[DATA EXTRACT — start]

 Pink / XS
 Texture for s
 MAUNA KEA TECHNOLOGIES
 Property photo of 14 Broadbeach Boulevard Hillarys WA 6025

[DATA EXTRACT — finish]

• [WORK TASK]
All lines from the one that contains "MAUNA KEA TECHNOLOGIES" through the end of the listing above should be copied exactly, with nothing else.

• [RESPONSE TO THE EXERCISE]
 MAUNA KEA TECHNOLOGIES
 Property photo of 14 Broadbeach Boulevard Hillarys WA 6025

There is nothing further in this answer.